Moored at the dock and making ready to get underway was the fast, heavy cruiser USS Indianapolis (CA-35), commanded by 46-year-old Captain Charles B. McVay. As soon as a big gantry crane quickly lowered the cargo aboard the ship, the crate was secured to the deck and surrounded by a U.S. Marine guard, and the cylinder was placed in the flag lieutenant’s cabin.
Rear Admiral William R. Purnell, the naval member of the Manhattan Project’s Military Policy Committee, told McVay that if the ship ran into trouble the cylinder was to be saved at all costs. The ship would be carefully tracked during its voyage, and if anything happened to her, it would be known within hours.
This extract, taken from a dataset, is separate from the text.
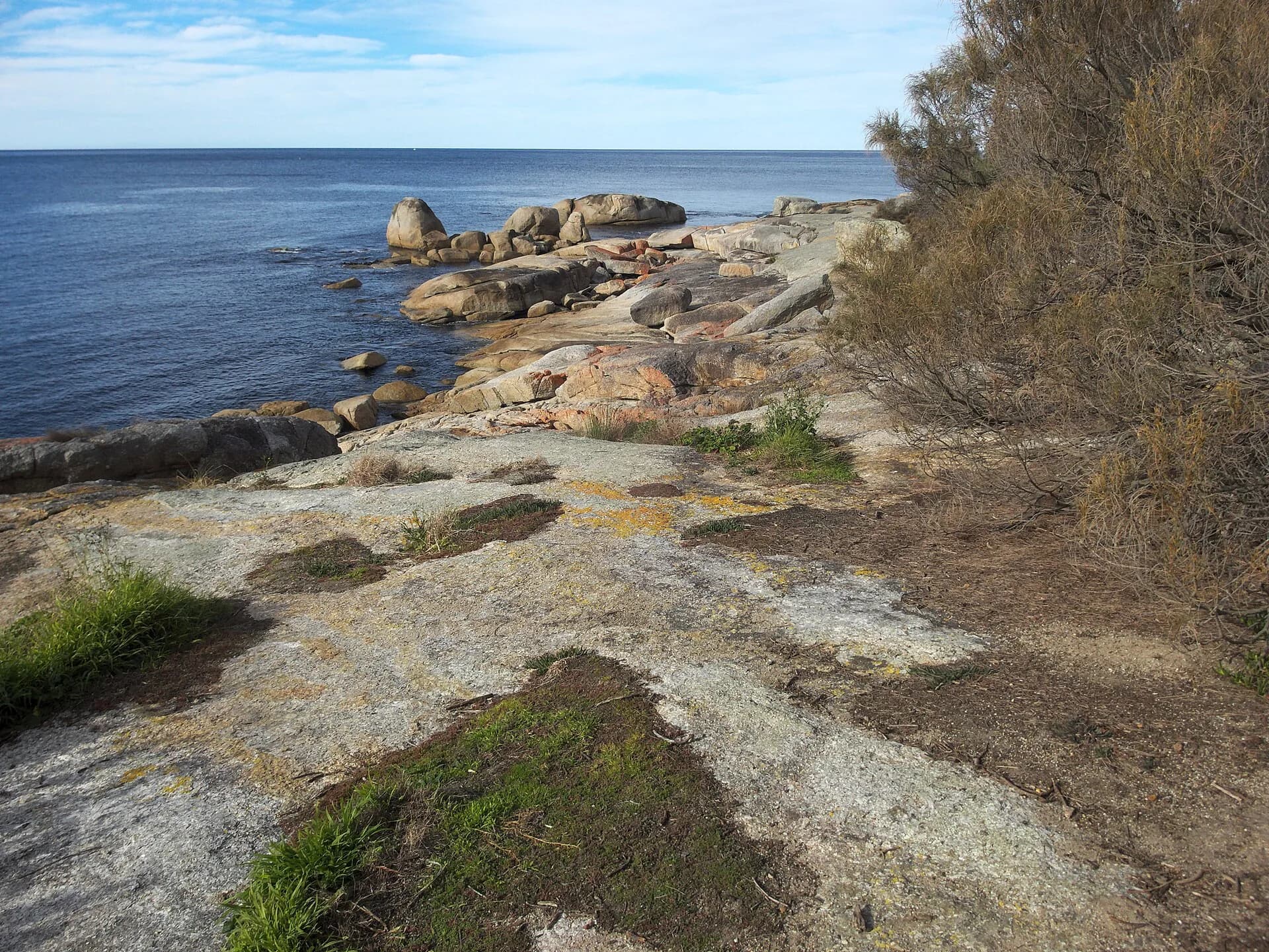 Public coastal rocks and water at Bicheno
It was a unique, top-secret assignment for the 13-year-old Indianapolis. Rushed to completion and commissioned on November 15, 1932, she and her sister ship, the USS Portland, were modifications of the Northampton-class cruisers. They were critically top heavy with new electronics, light antiaircraft weaponry, and fire control gear.
With a complement of 1,196 officers and sailors, the Indianapolis displaced 9,800 tons, was 610 feet long, and had a top speed of 32.5 knots. Her armament included nine 8-inch guns, eight 5-inch dual-purpose guns, and two 3-pounder guns. Though a “treaty cruiser” with some design deficiencies like others of the Northampton class, the Indianapolis was a proud member of the U.S. Fleet. She boasted a handsome teak quarterdeck before being stripped for war and had an enviable reputation for sharp ceremonies and honors performed by her Marine Corps detachment.